Commits · 8396447cdbdff0b62914748de2fec04281dc9114 · Jakob Huber / postgres-lambda-diff

Feb 12, 2013

Create libpgcommon, and move pg_malloc et al to it · 8396447c

Alvaro Herrera authored 12 years ago

libpgcommon is a new static library to allow sharing code among the
various frontend programs and backend; this lets us eliminate duplicate
implementations of common routines.  We avoid libpgport, because that's
intended as a place for porting issues; per discussion, it seems better
to keep them separate.

The first use case, and the only implemented by this patch, is pg_malloc
and friends, which many frontend programs were already using.
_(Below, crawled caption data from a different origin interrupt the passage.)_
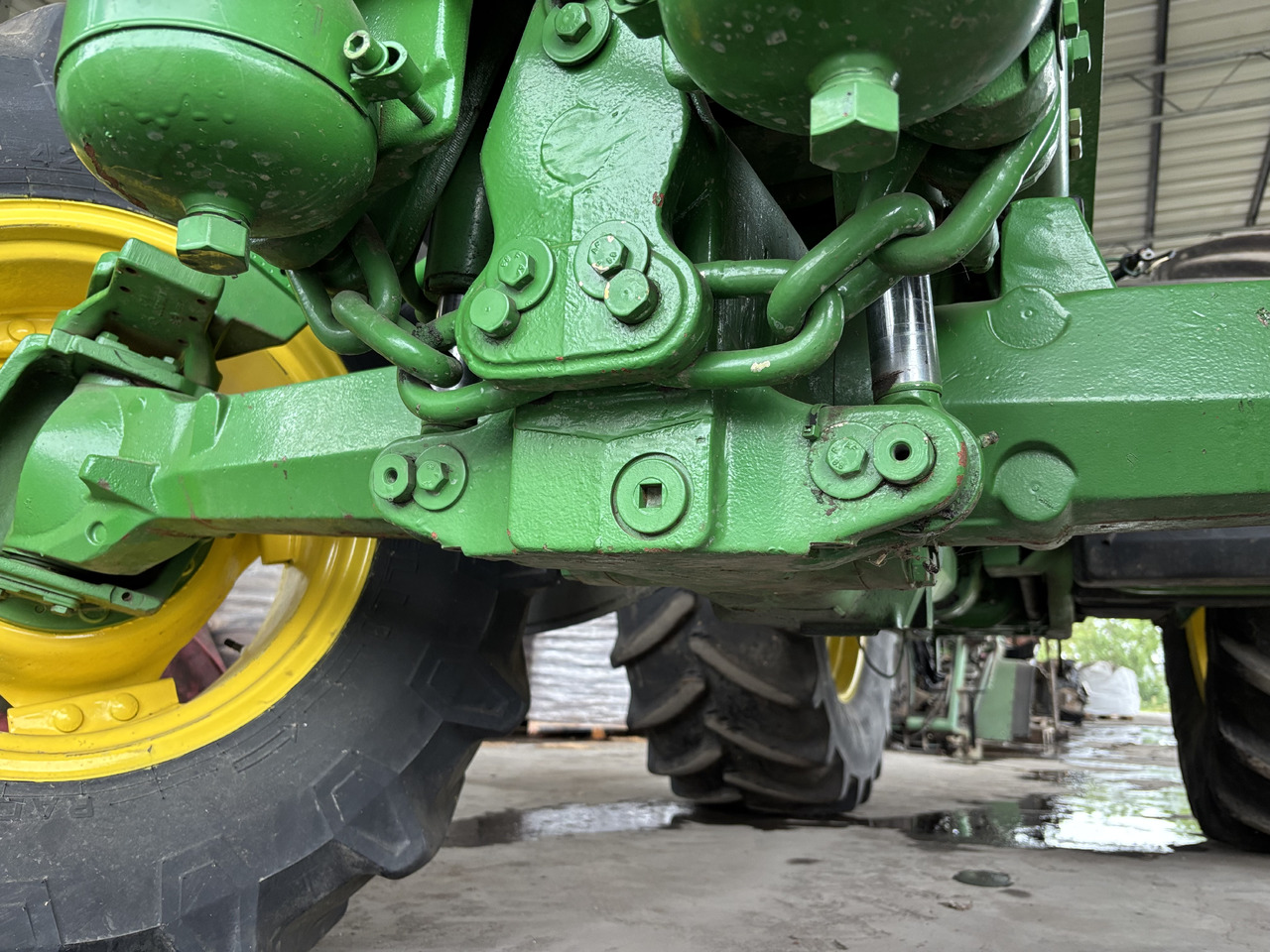 John Deere 6610 Obudowa Mostu Centralna Zawieszenie AL151678   AL115287 - Axle and parts for Agricultural machinery: picture 1 John Deere 6610 Obudowa Mostu Centralna Zawieszenie AL151678   AL115287 - Axle and parts for Agricultural machinery: picture 1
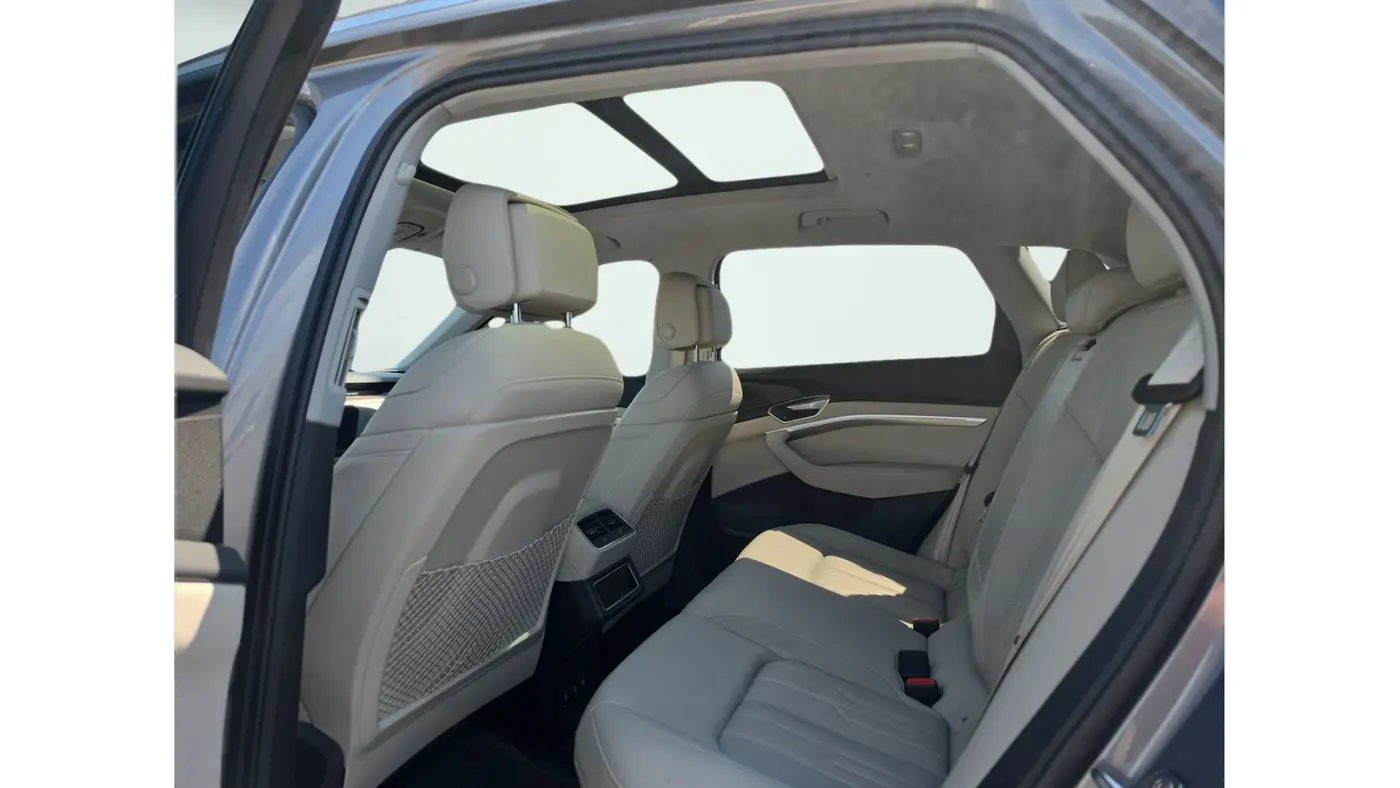 2019 Audi e-tron quattro Prestige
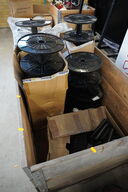 Palle med kabelruller i plast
At the same time, we can use this to provide palloc emulation functions
for the frontend; this way, some palloc-using files in the backend can
also be used by the frontend cleanly.  To do this, we change palloc() in
the backend to be a function instead of a macro on top of
MemoryContextAlloc().  This was previously believed to cause loss of
performance, but this implementation has been tweaked by Tom and Andres
so that on modern compilers it provides a slight improvement over the
previous one.

This lets us clean up some places that were already with
localized hacks.

Most of the pg_malloc/palloc changes in this patch were authored by
Andres Freund. Zoltán Böszörményi also independently provided a form of
that.  libpgcommon infrastructure was authored by Álvaro.

8396447c

Add noreturn attributes to some error reporting functions · 0cb1fac3
Peter Eisentraut authored 12 years ago

0cb1fac3

Feb 08, 2013

Make contrib/btree_gist's GiST penalty function a bit saner. · 9221f9d4

Tom Lane authored 12 years ago

The previous coding supposed that the first differing bytes in two varlena
datums must have the same sign difference as their overall comparison
result. This is obviously bogus for text strings in non-C locales, and
probably wrong for numeric, and even for bytea I think it was wrong on
machines where char is signed. When the assumption failed, the function
could deliver a zero or negative penalty in situations where such a result
is quite ridiculous, leading the core GiST code to make very bad page-split
decisions.

To fix, take the absolute values of the byte-level differences. Also,
switch the code to using unsigned char not just char, so that the behavior
will be consistent whether char is signed or not.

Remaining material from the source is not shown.